There is a lot of material out there that states, “If you have a near hive crashing situation from mite load in your hive, you can split the hive into two parts thus reducing the mite load in each hive”. Is this a true statement? Paula

Hello Paula,

The statement seems on the surface to offer a solution to the problem of a high mite level without having to use chemicals in the hive. If a hive has a near hive crashing mite load, does that mean it has more mites in it for the size of the hive (Bees and brood not physical space) they live in? If you agree with that statement, then by making an even split out of that hive, the mite level now will still be too high for the size of each split. (Bees and brood not physical space) It seems to me that you now have two splits with a near hive crashing mite load. Even if you re-queen both parts with a hygienic queen and allow each split to have a quick brood break by the re-queening process, the mite level is still too high in each split for the new queen to make a come-back. Medicating the hive is not an option for beekeepers like us who are chemical free.

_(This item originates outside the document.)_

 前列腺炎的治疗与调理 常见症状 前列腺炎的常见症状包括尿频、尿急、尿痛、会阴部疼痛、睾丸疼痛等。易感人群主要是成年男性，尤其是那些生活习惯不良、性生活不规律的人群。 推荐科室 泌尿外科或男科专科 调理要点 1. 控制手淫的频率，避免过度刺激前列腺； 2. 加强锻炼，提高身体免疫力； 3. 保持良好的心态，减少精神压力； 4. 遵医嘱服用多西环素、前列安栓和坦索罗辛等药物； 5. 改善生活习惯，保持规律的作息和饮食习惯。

Here is how I would handle this problem.

When you give the hive a brood break by re-queening, you are not reducing the immediate mite load in the hive. If the mite load in the hive was too high before you offer a brood break, the mite level will still be too high after a brood break. Adult mites will live for three or four months. They will be waiting around outside the cell (on the adult bees) until more brood appears. You are only reducing the amount of brood that is available to the mite for further reproduction when you give a short brood break. It only helps the mite level from increasing even further than it already is. It will not reduce the current levels in the hive. You need to do more in order to save the hive.

Giving a brood break is only effective if there is some other measure being used in conjunction with it. For the chemical free beekeepers like ourselves, powdered sugar treatments should be used along with that brood break. Since the brood level has been reduced, most of the mites are forced to be on the outside of the cells. Now is the perfect time to perform a powdered sugar treatment to dislodge the mites from there host, the adult bee. You should re-queen the hive with a more hygienic queen during this period. Whether you split the hive into two parts or leave the hive as one, the fact is that the mite level is too high. The procedure for resolving the issue will be the same.

In my book, “Beekeeping: A Personal Journey”, I describe the proper way to perform a powdered sugar treatment. A quick review: One cup of powdered sugar per box. (Separate boxes for treatment.) Treat once a week for “Four” weeks. (Not three weeks like most books and experts tell you to do.) You need to cover the Drone brood (Which is where 80% of the mite infestation is found.) that hatches out in twenty-four days unlike worker brood that hatches out in twenty-one days or three weeks. Perform the full treatment again after the first full treatment if the mite level remains too high. By doing this, you are reducing the current level of “exposed” mite load and giving the new hygienic queen brood an opportunity to hatch out and take care of the mites by themselves.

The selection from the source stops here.